*DATA SHOWN*
※ ※ ※
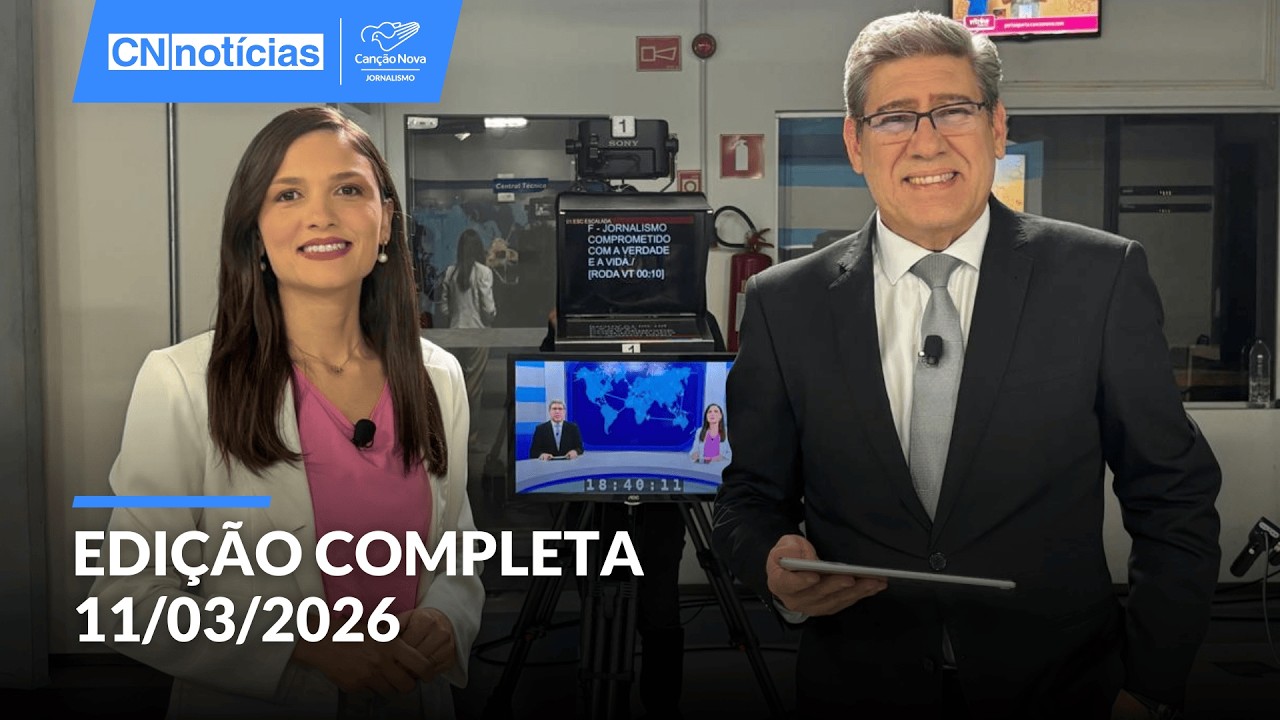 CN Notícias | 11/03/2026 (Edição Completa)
※ ※ ※
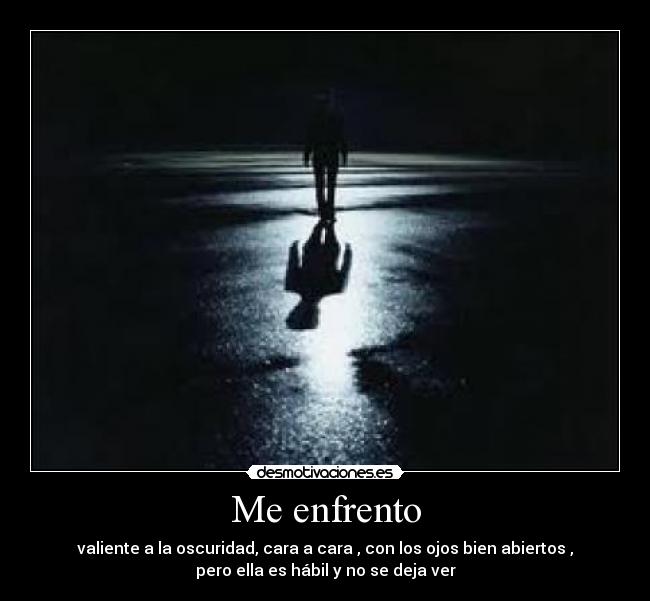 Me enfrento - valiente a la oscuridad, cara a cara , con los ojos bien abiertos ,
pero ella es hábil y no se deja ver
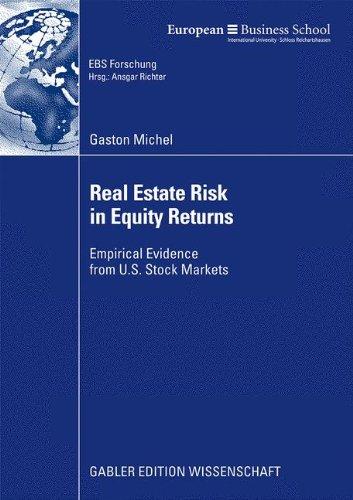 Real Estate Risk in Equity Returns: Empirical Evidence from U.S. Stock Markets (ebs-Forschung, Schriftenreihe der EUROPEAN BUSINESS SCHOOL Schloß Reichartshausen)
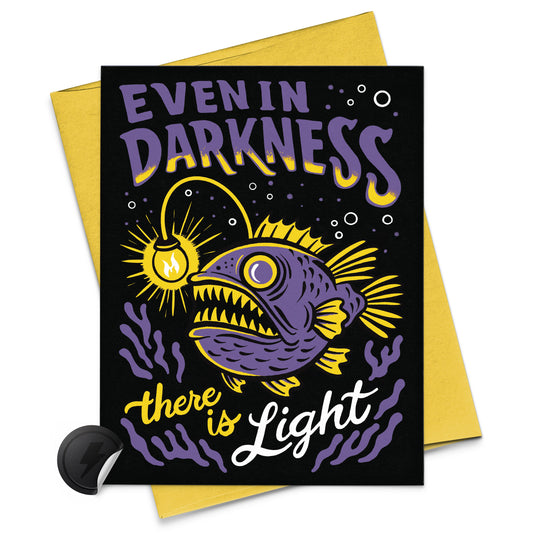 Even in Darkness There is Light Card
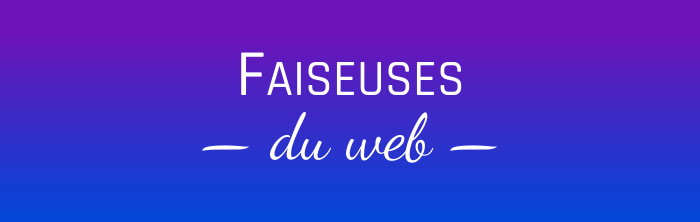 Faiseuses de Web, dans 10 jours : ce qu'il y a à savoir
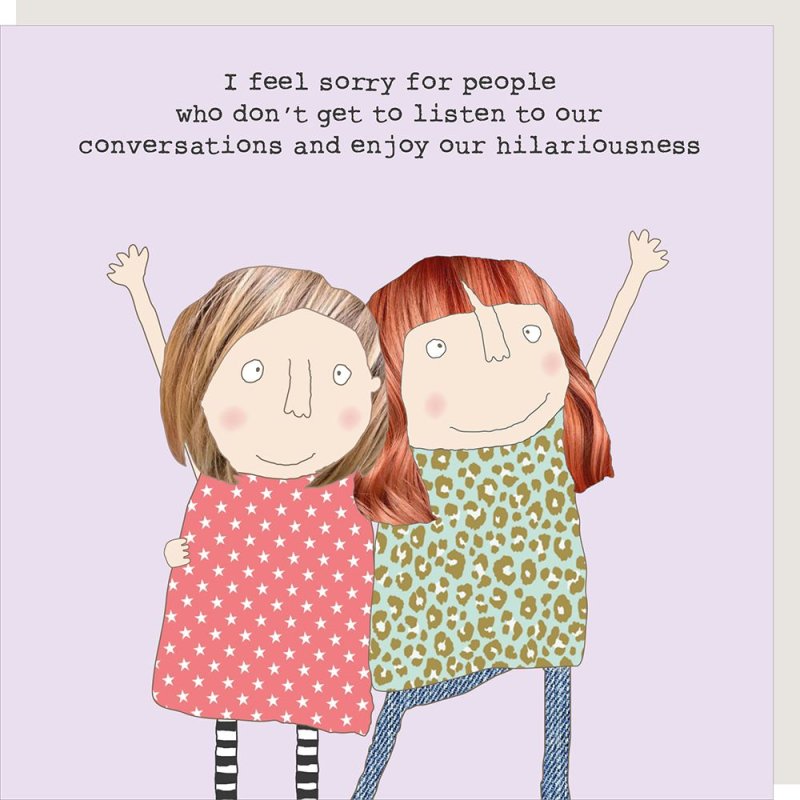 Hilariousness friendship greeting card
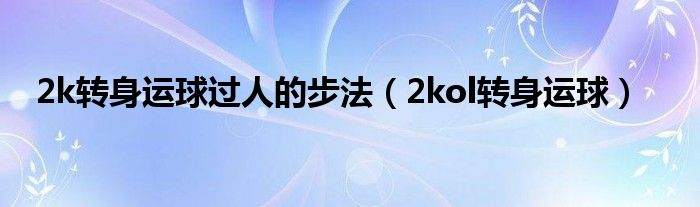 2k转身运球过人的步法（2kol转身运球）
※ ※ ※
*WORK TO COMPLETE*
Print an exact copy of the lines above, from the one containing "Faiseuses de Web, dans" through the one containing "2k转身运球过人的步法（2kol转身运球）", and leave out the pictures.

*OUTPUT BELOW*
 Faiseuses de Web, dans 10 jours : ce qu'il y a à savoir
 Hilariousness friendship greeting card
 2k转身运球过人的步法（2kol转身运球）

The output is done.